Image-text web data
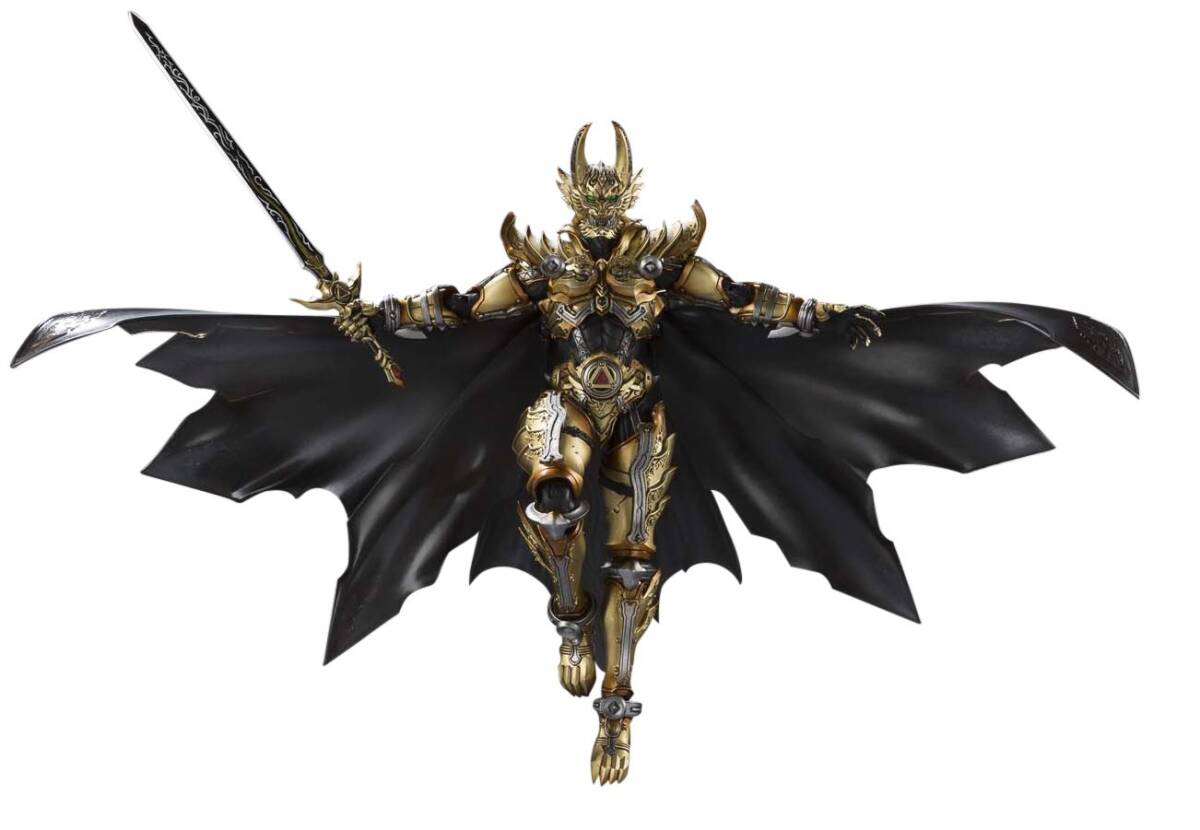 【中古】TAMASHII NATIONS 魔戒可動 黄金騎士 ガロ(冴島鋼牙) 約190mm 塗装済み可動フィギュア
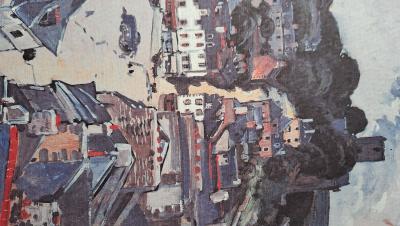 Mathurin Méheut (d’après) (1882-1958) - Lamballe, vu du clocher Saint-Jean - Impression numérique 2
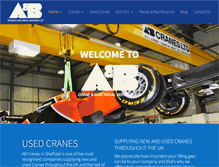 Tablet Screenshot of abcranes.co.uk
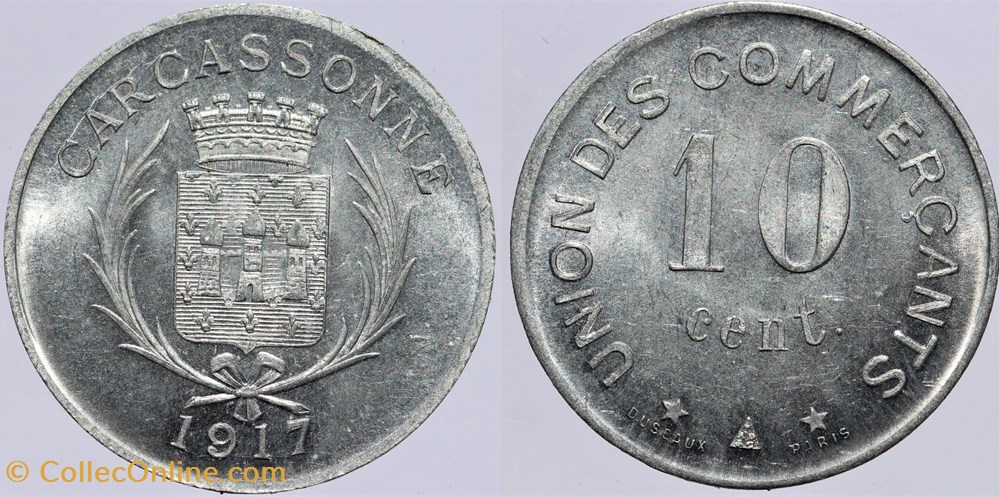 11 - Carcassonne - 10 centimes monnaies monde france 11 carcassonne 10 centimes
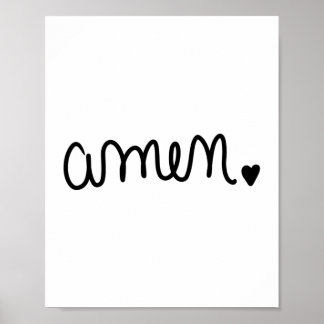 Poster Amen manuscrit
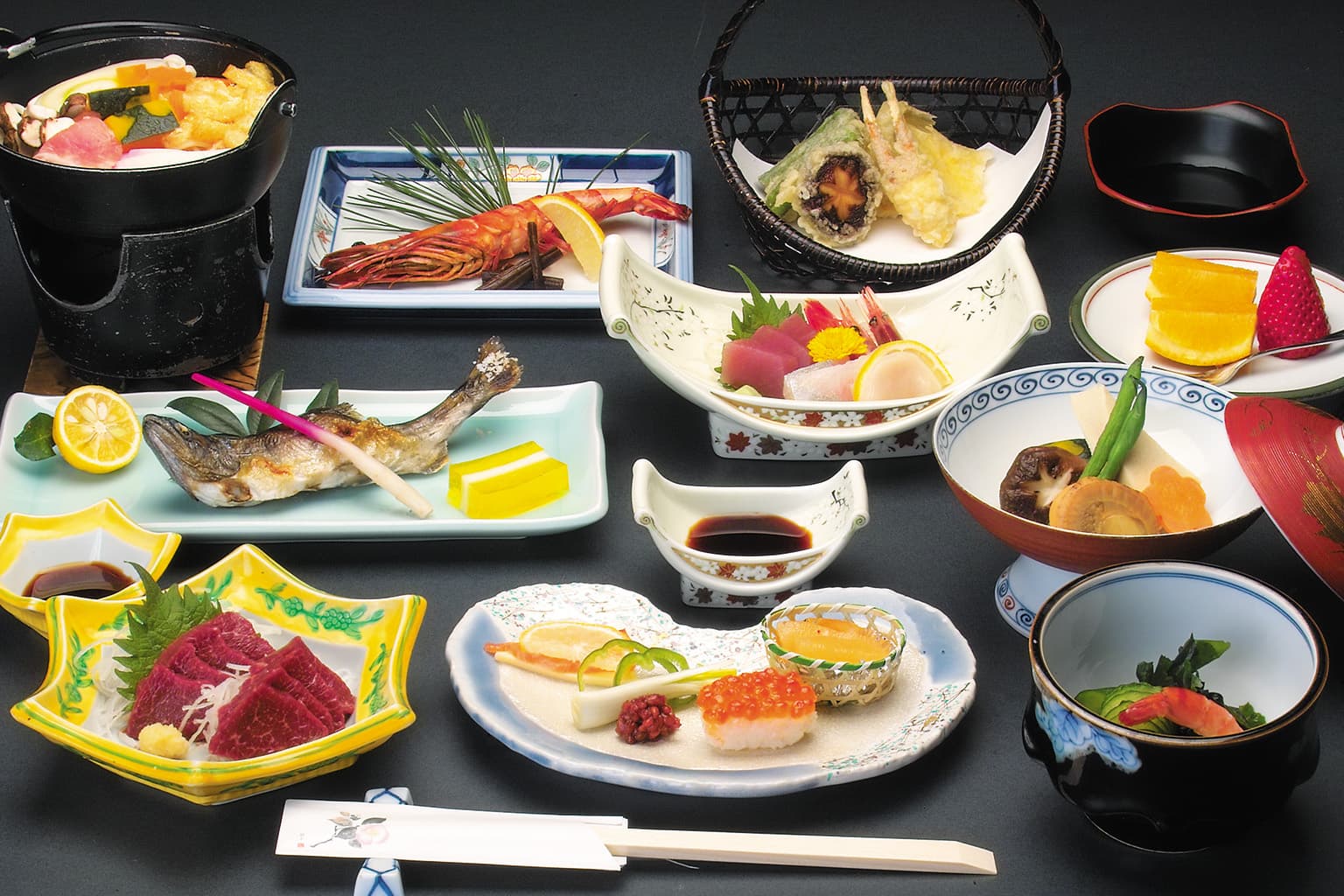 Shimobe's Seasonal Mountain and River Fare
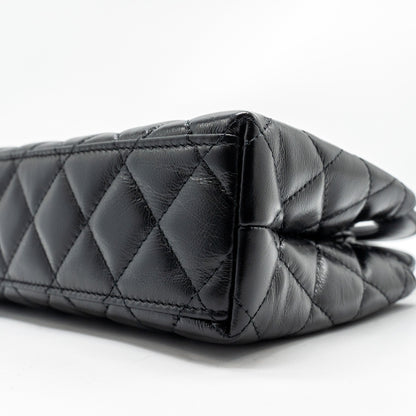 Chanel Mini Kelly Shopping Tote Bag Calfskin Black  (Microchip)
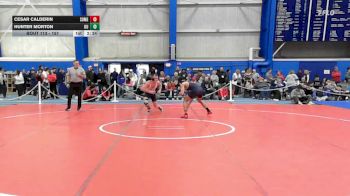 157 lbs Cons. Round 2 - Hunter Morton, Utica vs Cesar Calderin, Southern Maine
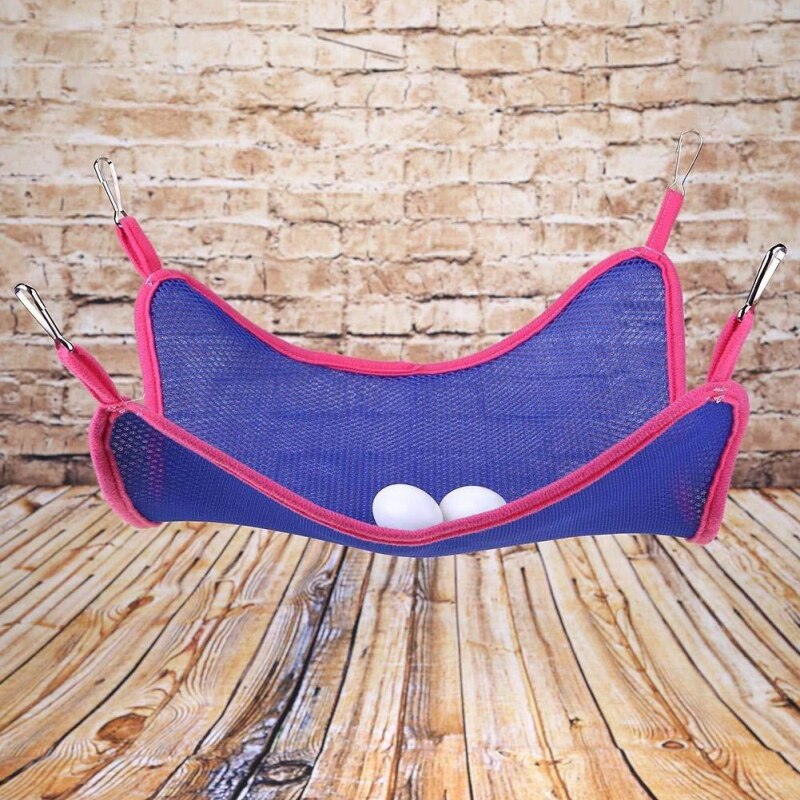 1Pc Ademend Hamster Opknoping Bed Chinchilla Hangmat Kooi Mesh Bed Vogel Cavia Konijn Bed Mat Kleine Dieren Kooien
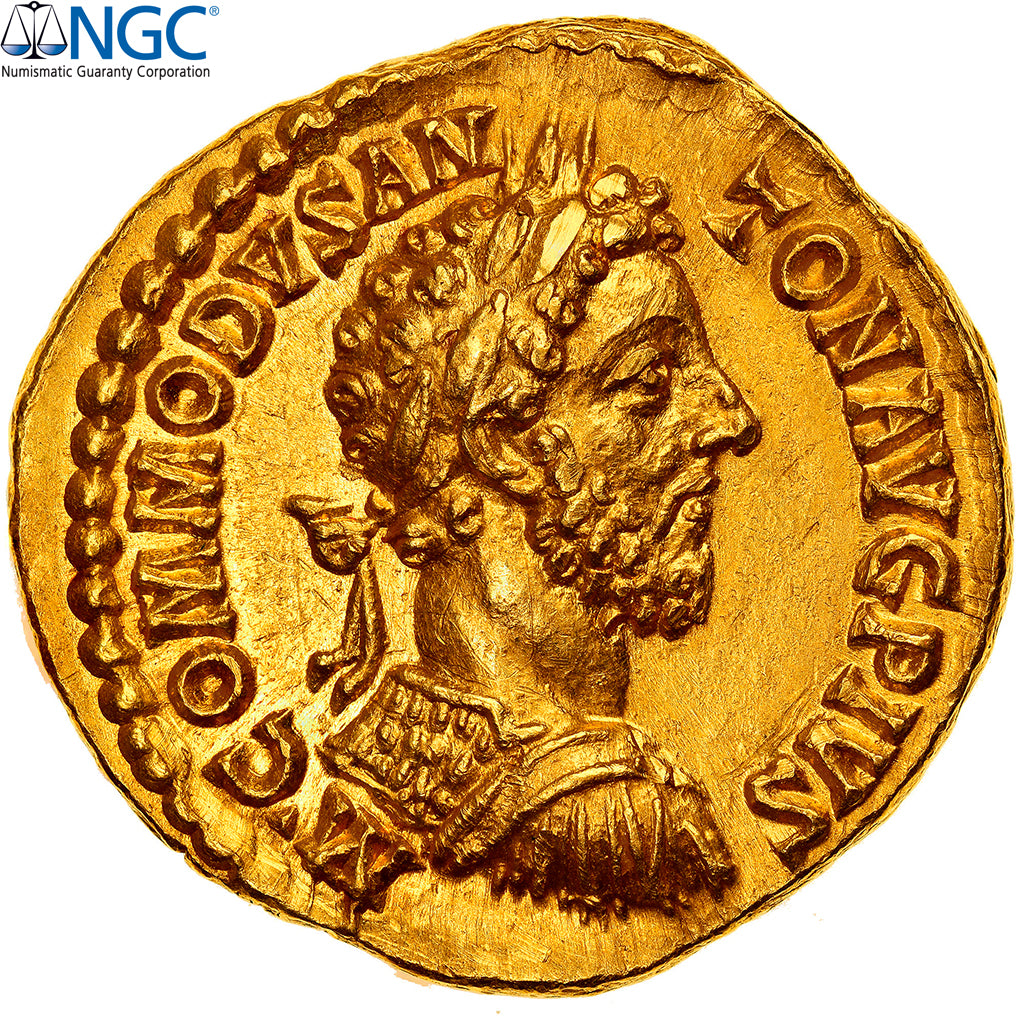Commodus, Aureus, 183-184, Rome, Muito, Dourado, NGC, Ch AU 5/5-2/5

WHAT THE EXERCISE ASKS
Give back exactly the lines above from the one with "Shimobe's Seasonal Mountain and River Fare" through the one with "1Pc Ademend Hamster", both included. Pictures don't belong in the copy.

EXERCISE RESULT
 Shimobe's Seasonal Mountain and River Fare
 Chanel Mini Kelly Shopping Tote Bag Calfskin Black  (Microchip)
 157 lbs Cons. Round 2 - Hunter Morton, Utica vs Cesar Calderin, Southern Maine
 1Pc Ademend Hamster Opknoping Bed Chinchilla Hangmat Kooi Mesh Bed Vogel Cavia Konijn Bed Mat Kleine Dieren Kooien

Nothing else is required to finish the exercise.